* [Exercise aim] Every record below should be printed again exactly, with its pictures removed.

* [Dataset excerpts]
########################################
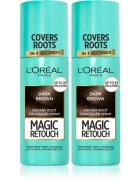 L’Oréal Paris Magic Retouch set odtenek Dark Brown
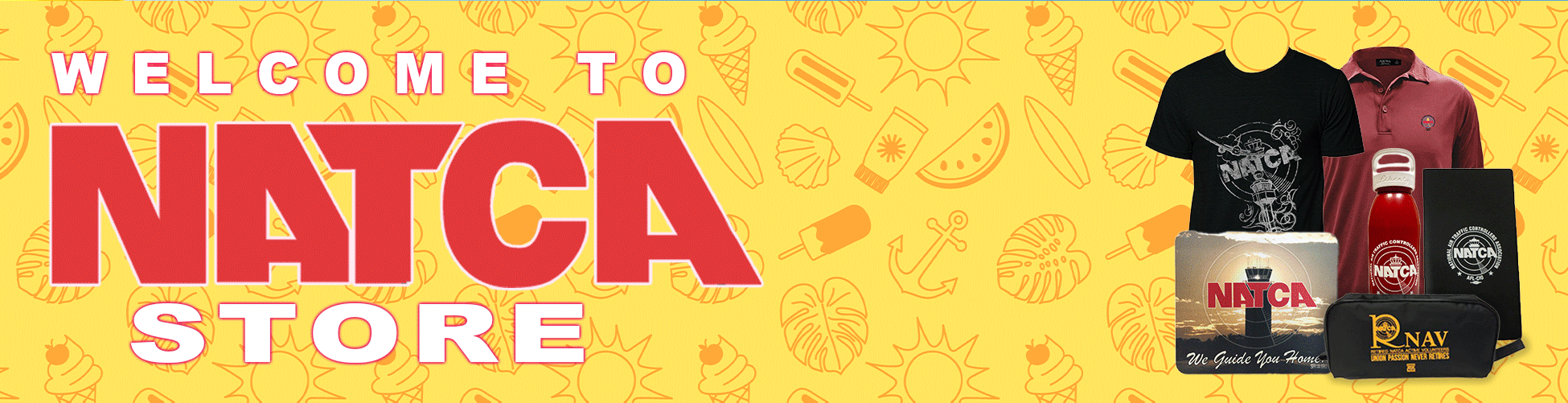 NATCA Store banner
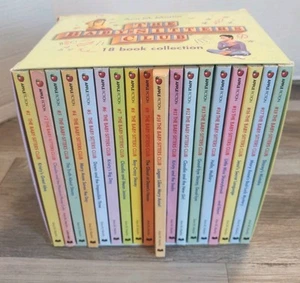 The BabySitters Club 18 Book Collection by Ann M. Martin READ - Picture 1 of 19
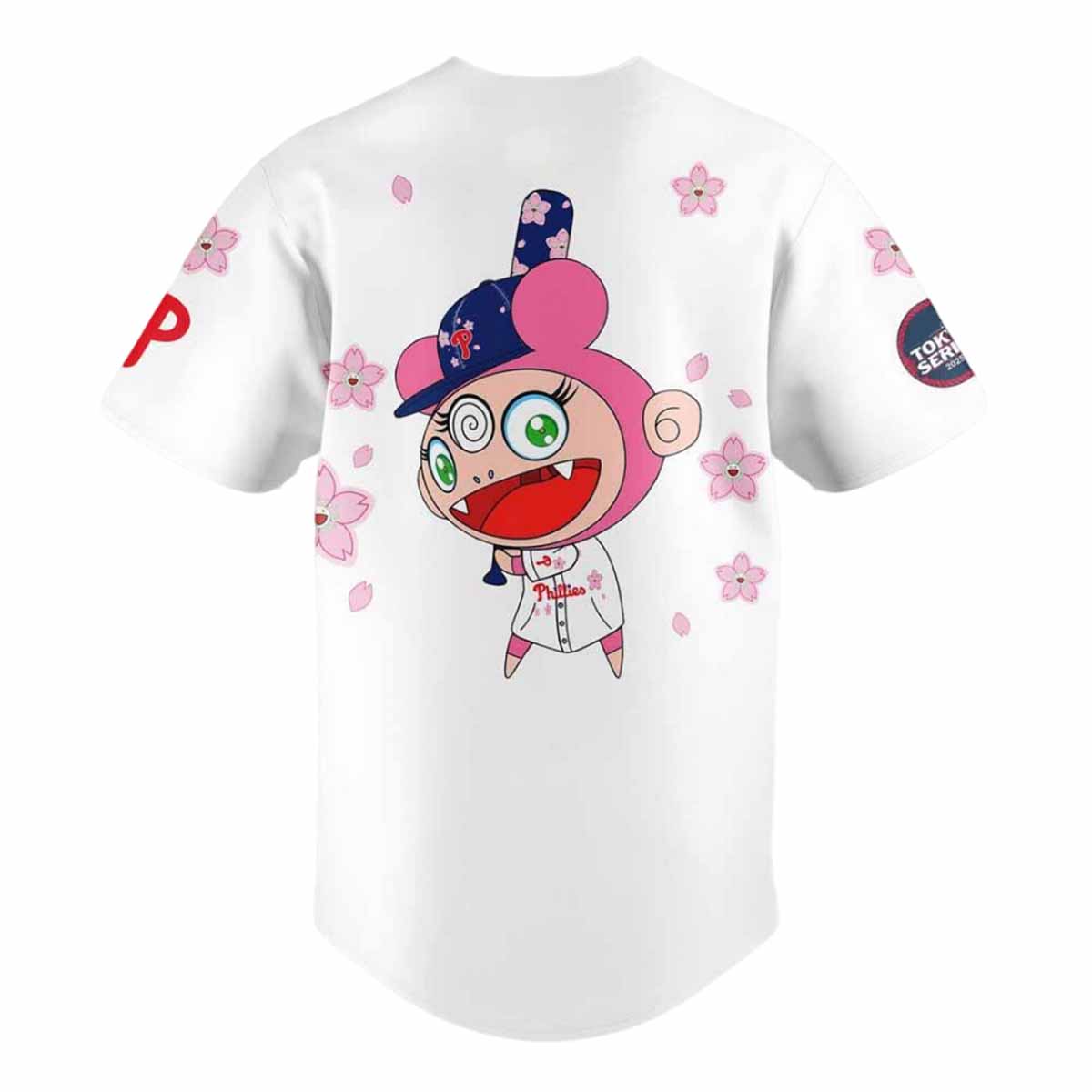Phillies Takashi Murakami Tokyo Series Jersey Phillies Takashi Murakami Tokyo Series Jersey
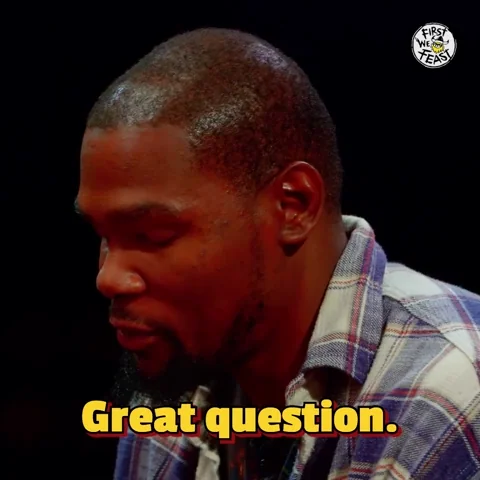Kevin Durant Hot Ones GIF by First We Feast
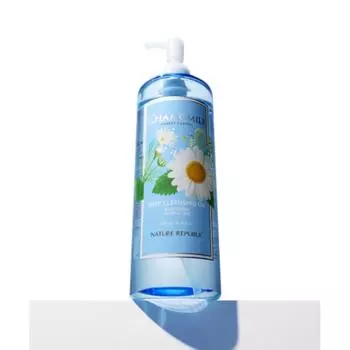 Nature Republic очищающее масло с ромашкой 500 мл Single option NF0344
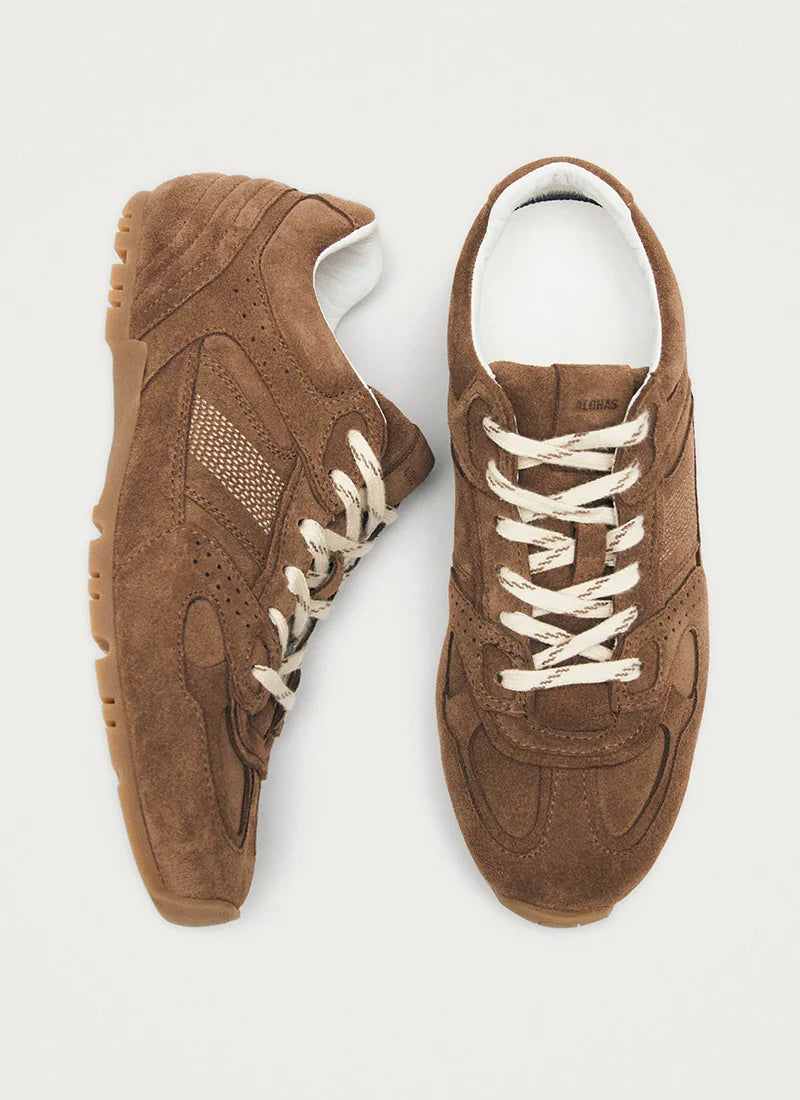 Tb.56 Suede Leather Sneakers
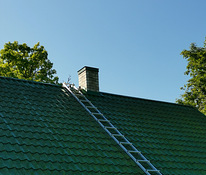 Лестница для крыши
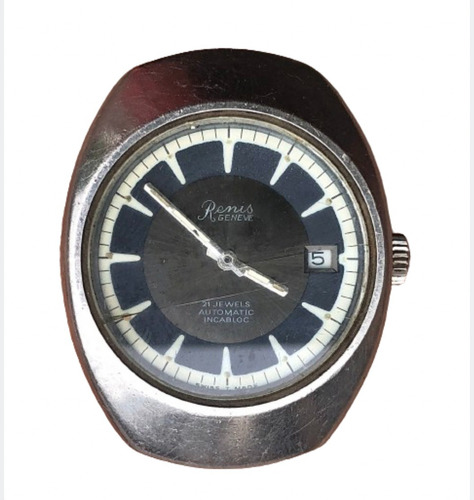Reloj Renis Caja Y La Maquina Lanco 21 Jewels,calibre 2481.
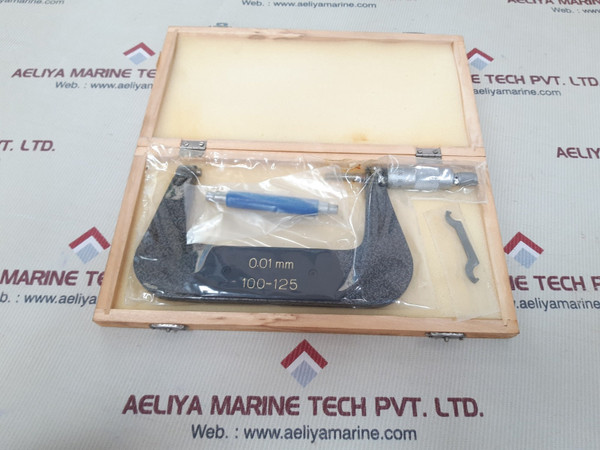 Outside Micrometer Precision Measuring Tool 650305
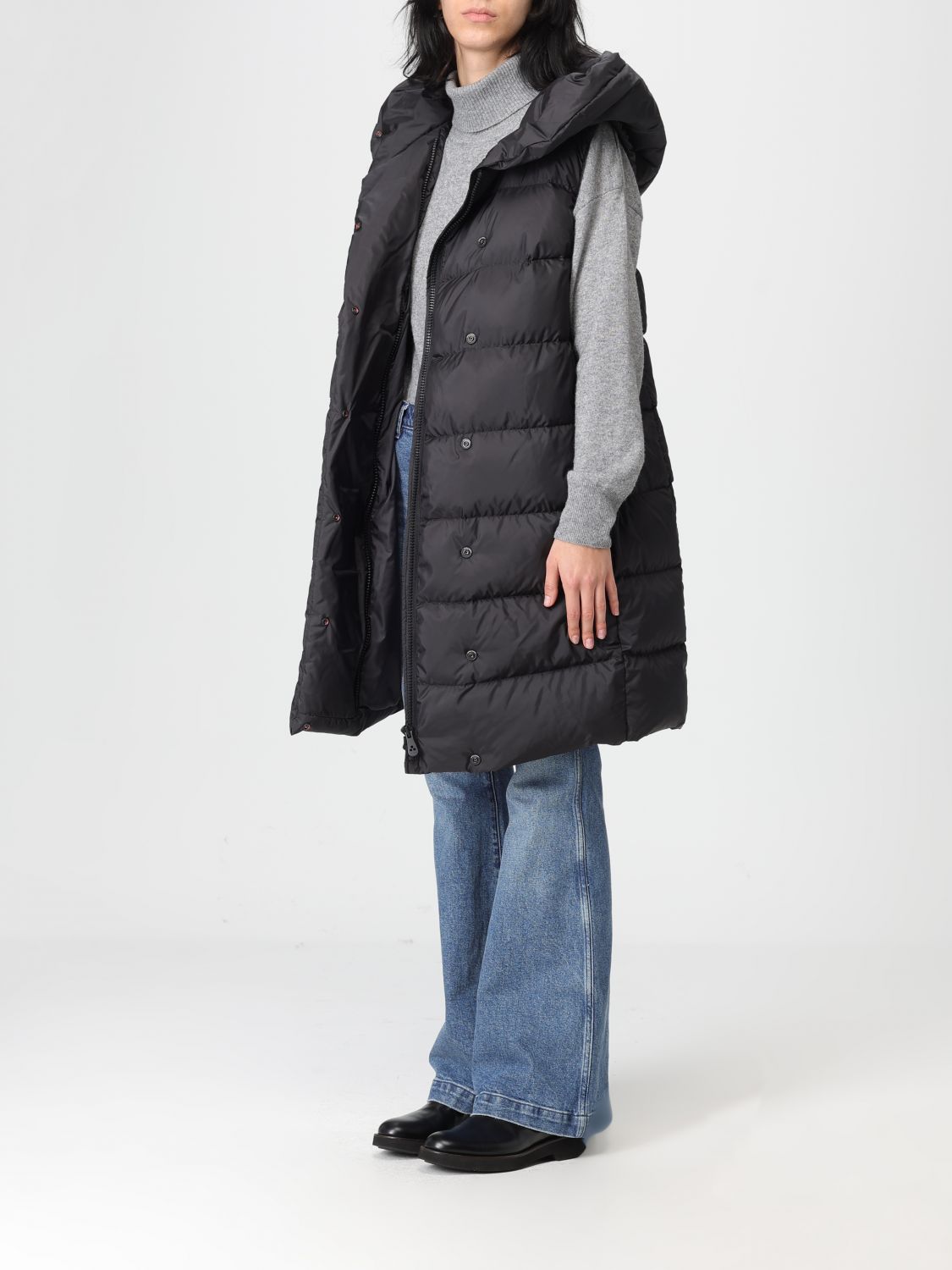 Jacket Woman color Black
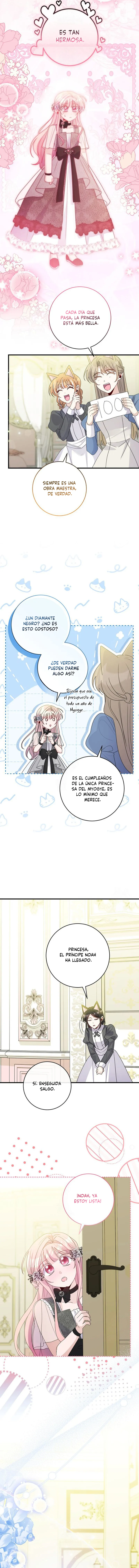 Me convertí en la hierba gatera de bestias despiadadas Capítulo 44 - Page 3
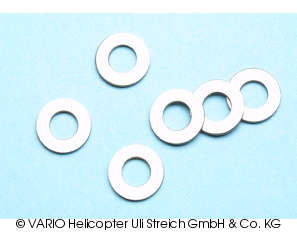 Paßscheibe 8 x 14 x 0,3 mm
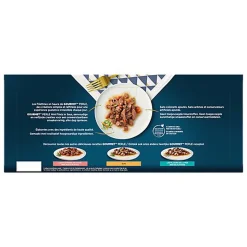 Gourmet -  Sachets Fraîcheur Perle Les Filettines Avec Légumes pour Chat Adultes - 40x85g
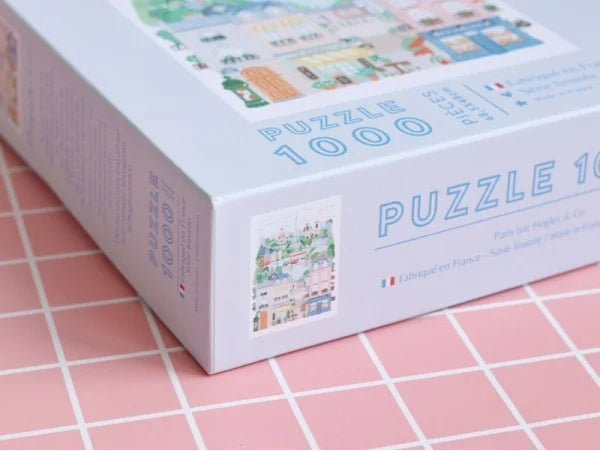 Puzzle Paris par Hoglet&Co - 1000 pièces LA PETITE EPICERIE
########################################
* [Answer]
 L’Oréal Paris Magic Retouch set odtenek Dark Brown
 NATCA Store banner
 The BabySitters Club 18 Book Collection by Ann M. Martin READ - Picture 1 of 19
Phillies Takashi Murakami Tokyo Series Jersey Phillies Takashi Murakami Tokyo Series Jersey
Kevin Durant Hot Ones GIF by First We Feast
 Nature Republic очищающее масло с ромашкой 500 мл Single option NF0344
 Tb.56 Suede Leather Sneakers
 Лестница для крыши
Reloj Renis Caja Y La Maquina Lanco 21 Jewels,calibre 2481.
 Outside Micrometer Precision Measuring Tool 650305
 Jacket Woman color Black
 Me convertí en la hierba gatera de bestias despiadadas Capítulo 44 - Page 3
 Paßscheibe 8 x 14 x 0,3 mm
 Gourmet -  Sachets Fraîcheur Perle Les Filettines Avec Légumes pour Chat Adultes - 40x85g
 Puzzle Paris par Hoglet&Co - 1000 pièces LA PETITE EPICERIE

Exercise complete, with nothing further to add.